■ WHAT YOU ARE ASKED TO DO
From the first line to the last, please reproduce the material exactly, skipping the pictures.

■ GIVEN INFORMATION
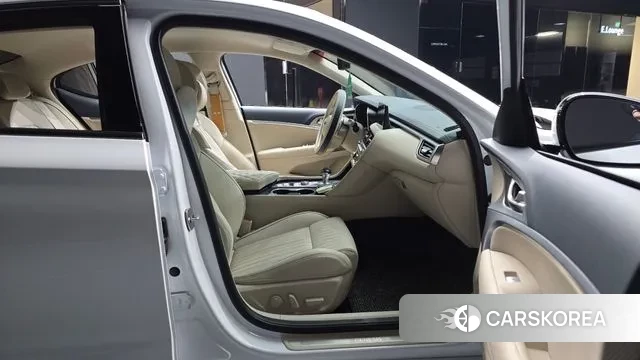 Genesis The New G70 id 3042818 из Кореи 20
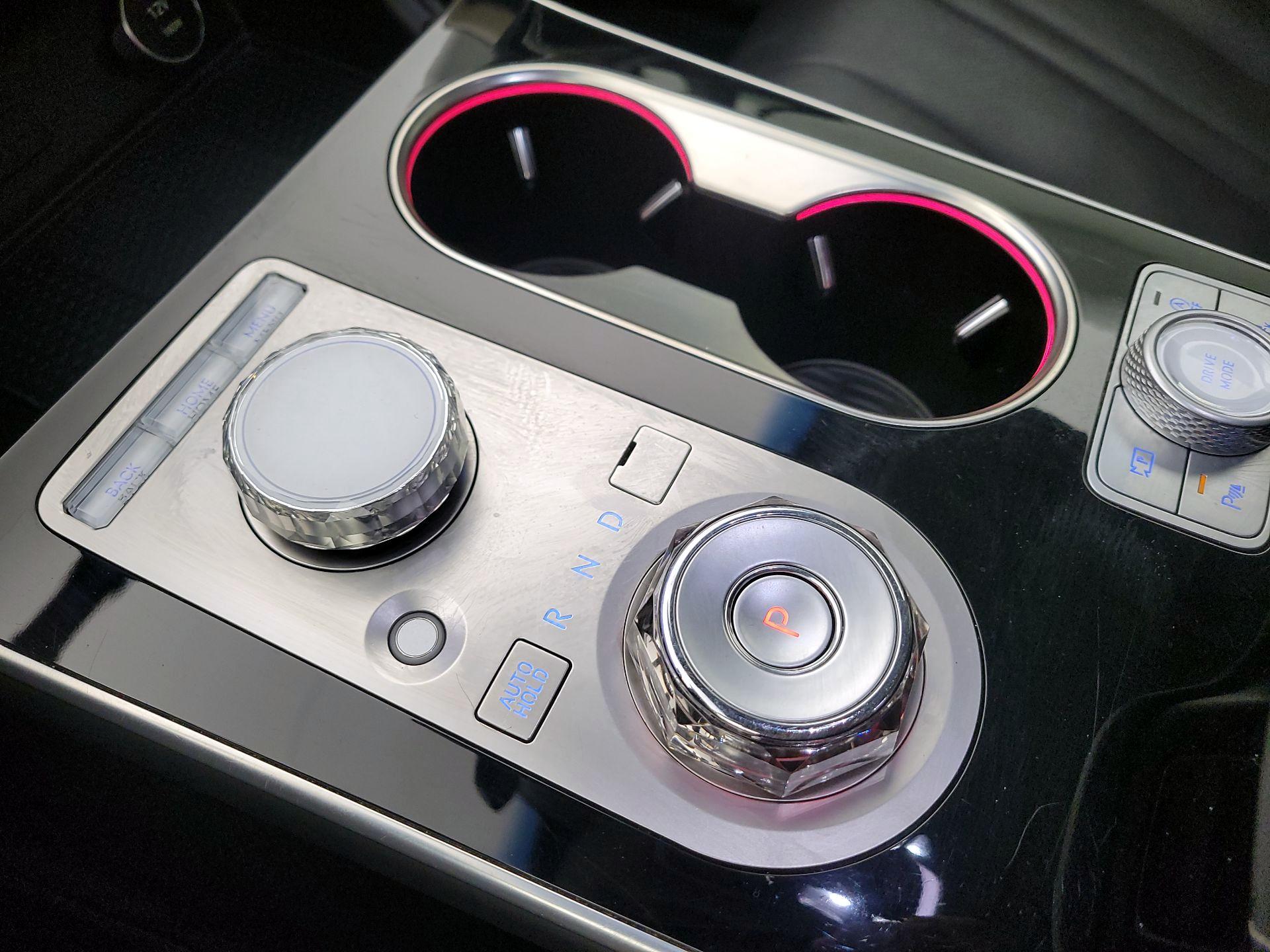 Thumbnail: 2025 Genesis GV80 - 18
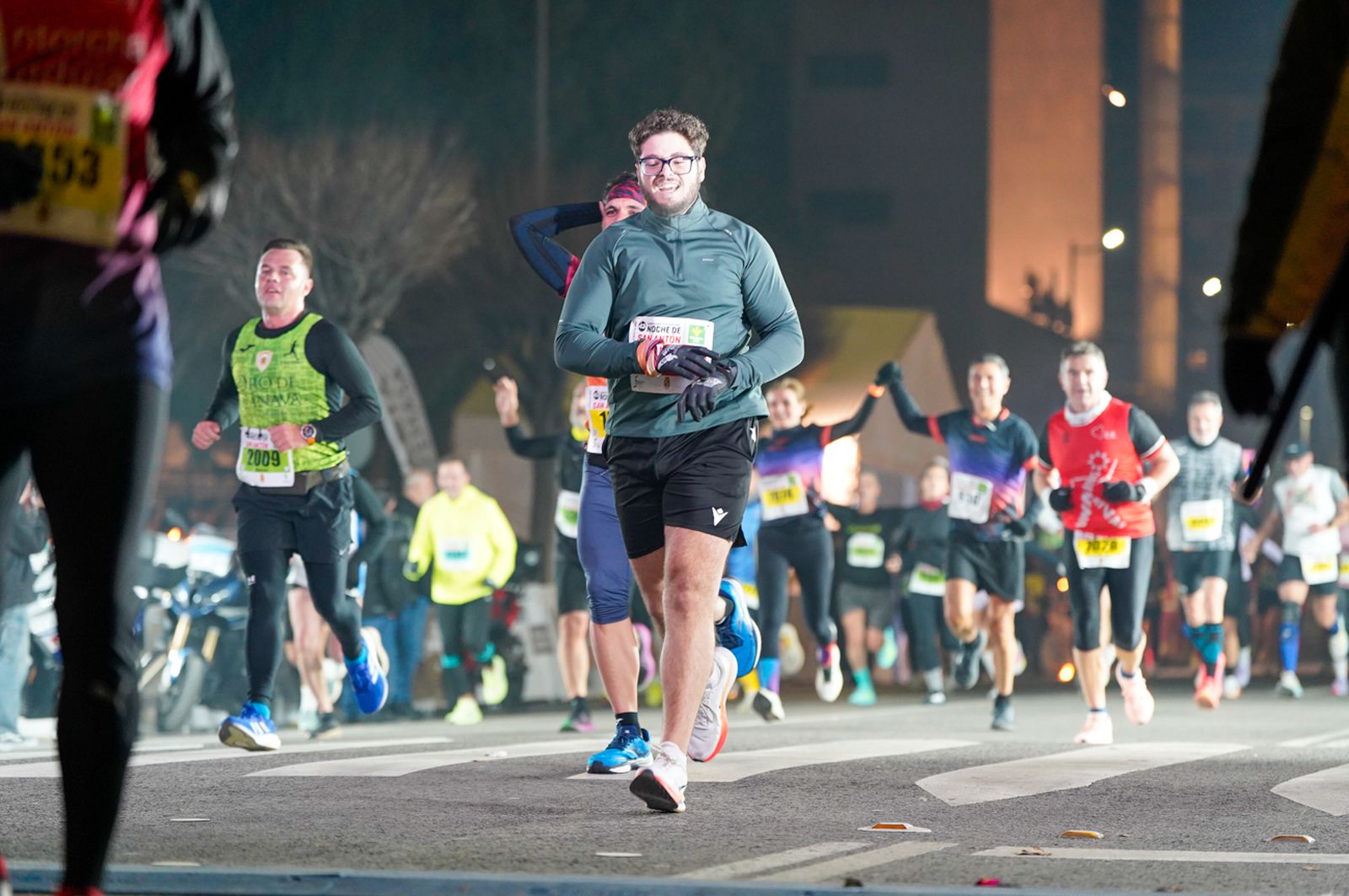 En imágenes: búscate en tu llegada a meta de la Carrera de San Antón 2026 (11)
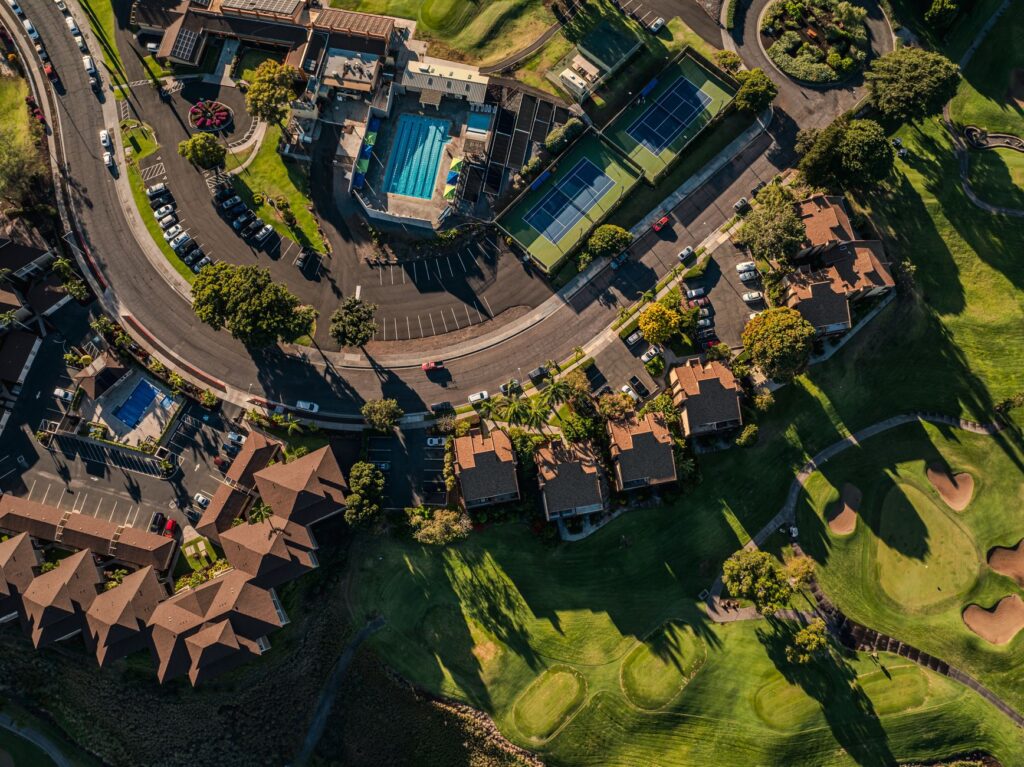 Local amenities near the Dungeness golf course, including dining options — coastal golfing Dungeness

■ TASK ANSWER
 Genesis The New G70 id 3042818 из Кореи 20
 Thumbnail: 2025 Genesis GV80 - 18
 En imágenes: búscate en tu llegada a meta de la Carrera de San Antón 2026 (11)
 Local amenities near the Dungeness golf course, including dining options — coastal golfing Dungeness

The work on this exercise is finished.